Oui, les personnes qui ont eu ces propos se reconnaîtront. Non, je vais pas les nommer, mais oui, je vous cible très joyeusement. Bon, soyons honnête, vous n'êtes pas les seules visées. Vos propos sont assez récurrents dans les milieux militants et cette opposition entre ces deux types de militantisme m'énerve depuis un bail. Vos propos auront simplement été la goutte d'eau, le mépris (que ce soit un mépris dédaigneux ou un mépris compassionné) qui me fait réagir.

Parce que pour moi, cette opposition n'a aucun sens. Ce ne sont pas deux militantismes, ce sont deux facettes de la réalité du militantisme, et l'on ne peut faire l'un sans l'autre.
Si l'on considère que le militantisme se trouve uniquement dans le travail de conviction, alors on reproduit le système oppressif en centrant la lutte sur les dominant-e-s, en oubliant les personnes opprimées. En considérant que les "tapotes sur l'épaule entre concerné-e-s" et l'entraide ne sont pas du militantisme, on oublie le but premier de celui-ci: une vie meilleure pour les opprimé-e-s. Lorsque Mrs Roots publie Care et femme noire: gérer sa colère pour vivre mieux il est évident que ce qu'elle dit est profondément militant, et pour autant, cela n'est pas le moins du monde tourné vers les blancs. L'article ne cherche pas à convaincre qui que ce soit, il est là pour améliorer la qualité de vie des femmes noires.

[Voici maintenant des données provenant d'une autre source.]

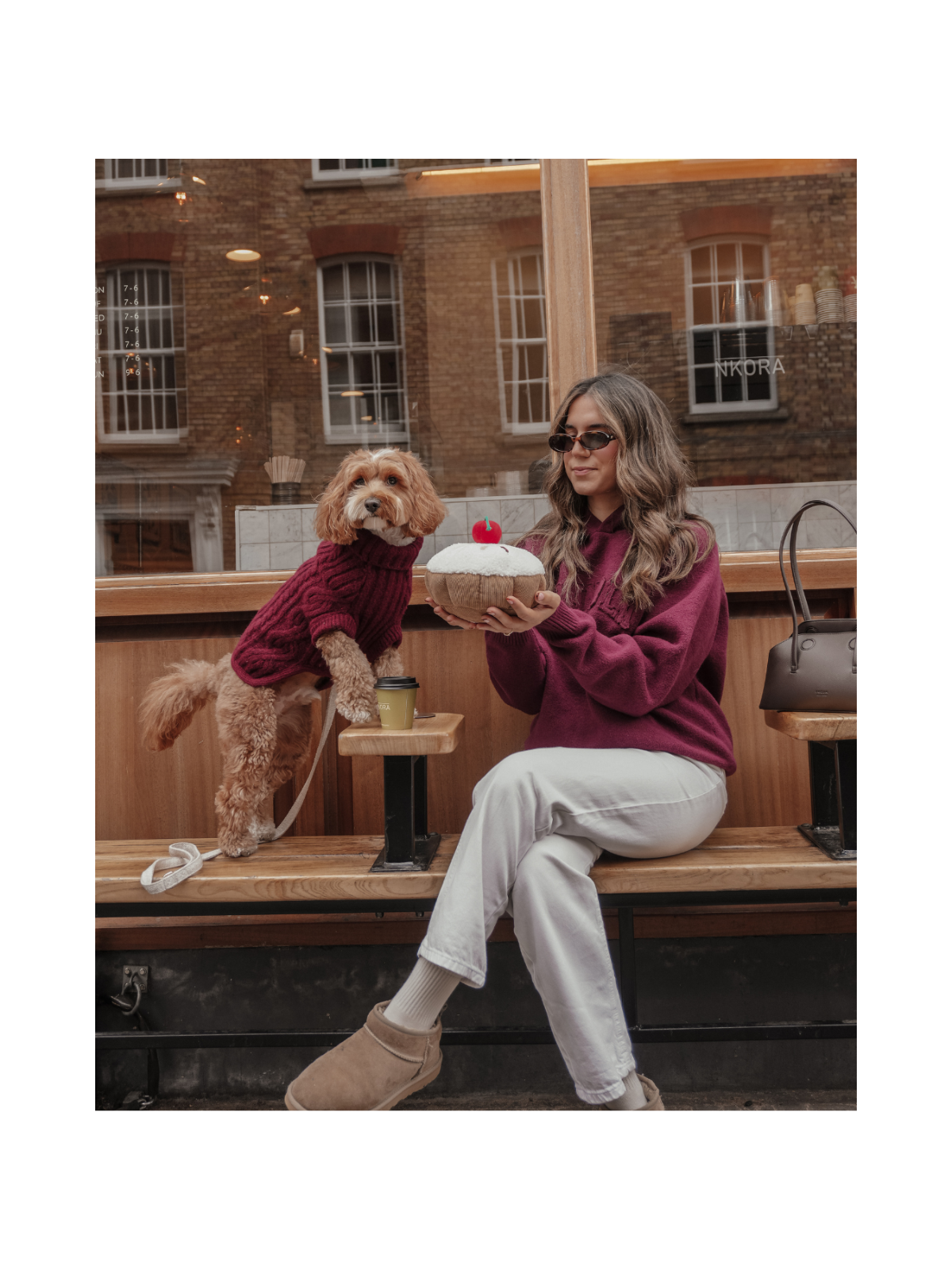 Cherry Bakewell Tart Interactive Dog Toy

Mépriser ça en le considérant comme n'étant pas du militantisme, mais simplement de l'entraide ou du soutien, c'est à nouveau considérer que la vie des opprimé-e-s n'est pas ce pour quoi on lutte.

A l'inverse, considérer qu'il est hors de question de militer auprès de Jean Mich du PMU, c'est d'une part, un propos qui sent très fort le mépris de classe, mais également, oublier que les individus qui n'ont pas de conscience des violences systémiques ne sont pas forcément des dominants dans chaque axe d'oppression. En ayant cette idée, on met de côté tout le conditionnement de la société en exigeant une certaine "décence", en oubliant totalement que ce que l'on appelle décence (remise en question, écoute des concerné-e-s etc.) est quelque chose qui s'apprend, dans une société où l'on est conditionné à l'inverse (la base étant l'idée de l'universalisme qu'on nous enseigne tout petit). C'est également oublier qu'on ne lutte pas uniquement pour les personnes militantes. Cette pensée se traduit très souvent par l'idée que toute personne ayant des propos oppressifs est un mec cis het, blanc, bourgeois, neurotypique et valide, ce qui n'a non seulement aucun sens, mais en plus dépolitise totalement le problème. D'une part, en considérant que la "déconstruction personnelle" est du militantisme (spoiler: non. C'est de la décence découlant d'une prise de conscience, mais ce n'est pas du militantisme, vous n'allez pas changer le monde parce que vous avez changé, et l'individualisation de l'oppression est une dépolitisation complète. Votre microcosme s'en trouvera peut-être changé, et c'est très bien, mais ça n'a pas de possible portée politique sur l'ensemble de votre classe contrairement, par exemple, à l'article de Mrs Roots), d'autre part en créant un "vilain méchant", méthode de diabolisation / déresponsabilisation dont j'ai parlé ici. C'est pas parce que vous êtes pas blanc que vous ne pouvez pas être misogyne, pas parce que vous êtes une femme que vous ne pouvez pas être psychophobe etc. (oui, dit comme ça, c'est évident, mais c'est ce que l'image du "mec cishet blanc NT valide bourge" renvoie).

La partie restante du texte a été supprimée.